La lutte enchantée, Comment garder espoir (et lutter!) dans un monde qui bascule aux éditions Actes Sud est disponible en librairie.

« Il y a ce que Corinne Morel Darleux appelle la dignité du présent : une motivation suffisante pour continuer à agir »

Et puis je me disais : qui serais-je si je décidais de baisser les bras ? Ce serait une forme de reddition. Je fais souvent ce parallèle avec les gens qui vivaient en 1942, dans la France occupée. À l’époque, beaucoup avaient le sentiment que tout allait de plus en plus mal, et ne voyaient pas ce qu’ils pouvaient changer, à leur échelle. Pourtant, certains ont choisi d’agir, parfois simplement en portant une lettre ou en sabotant une voie de chemin de fer. Ce sont ces actes, mis bout à bout, qui ont fini par peser sur le cours de l’histoire.

Et même si cela n’avait pas suffi, il y a ce que Corinne Morel Darleux appelle la dignité du présent : une motivation suffisante pour continuer à agir. Je ne me vois pas rester là, sans rien faire, en sachant que tout s’effondre, en me disant que ce n’est pas mon problème. J’ai des enfants, j’ai une conscience… Cela m’a redonné de l’énergie. Et puis j’aime profondément ce que je fais. C’est aussi une chance.

La lutte enchantée : le titre du livre est presque un manifeste. Mais comment garder espoir dans un monde qui bascule ?

Cyril Dion : Il ne faut pas de la lutte pour de la lutte.
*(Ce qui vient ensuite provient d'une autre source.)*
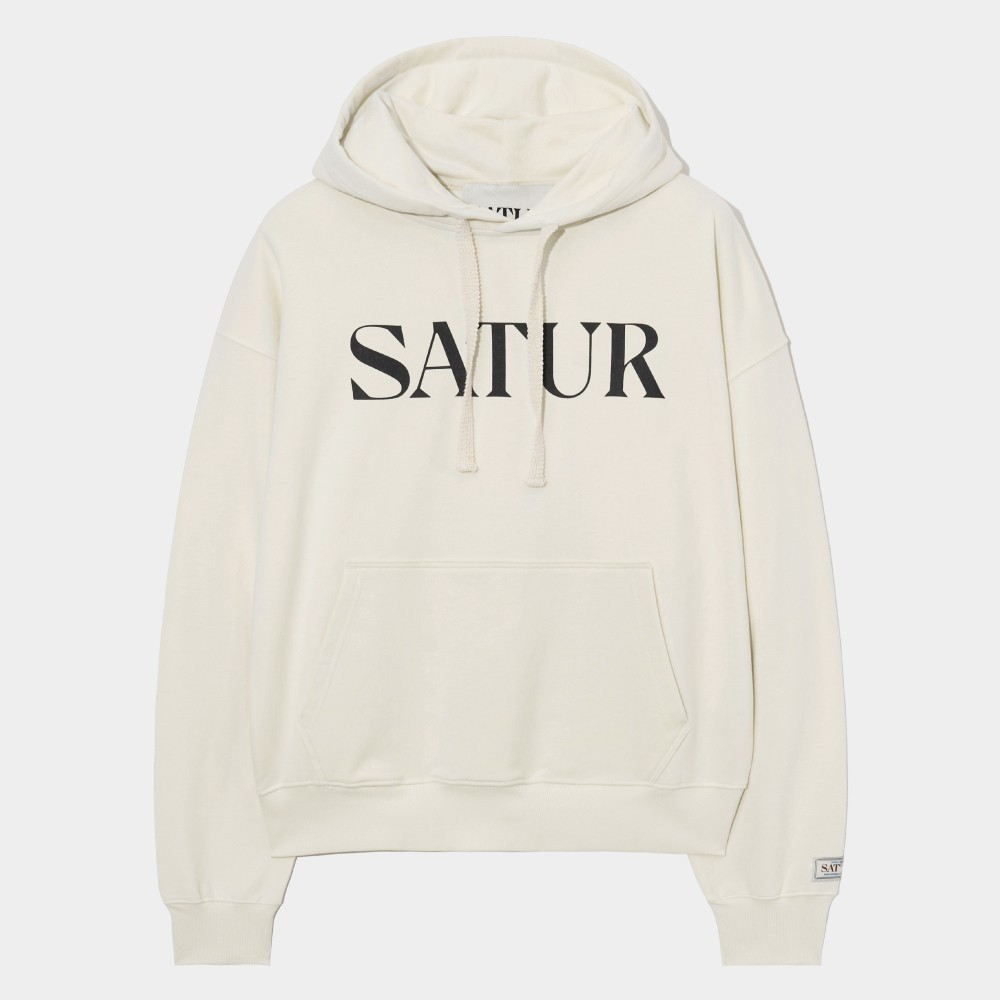 パーカー・フーディ SATUR Classic Letter Logo Hooded T-Shirt Resort Cream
Ce que j’ai appris en vingt ans d’activisme, sous différentes formes, c’est qu’on est vraiment efficace quand on fait des choses qu’on aime profondément, quand on se lève chaque matin pour contribuer à construire un monde dans lequel on a envie de vivre. D’une certaine manière, on reçoit chaque jour la gratification d’avoir agi pour quelque chose en quoi on croit. Et parfois, j’ai la chance d’avoir aussi la reconnaissance de celles et ceux qui y trouvent du sens.

« Plutôt que de pratiquer le militantisme dans les petits interstices de vos vies, essayez de choisir un métier qui exprime ce que vous avez envie de faire, qui participe à bâtir un monde différent »

C’est pourquoi je dis souvent aux personnes que je rencontre, en conférence ou en projection : plutôt que de pratiquer le militantisme dans les petits interstices de vos vies, essayez de choisir un métier qui exprime ce que vous avez envie de faire, qui participe à bâtir un monde différent. C’est cela qui vous donnera l’énergie de vous lever chaque matin, contrairement à tant de gens qui vont au travail à contrecœur et en sont profondément malheureux.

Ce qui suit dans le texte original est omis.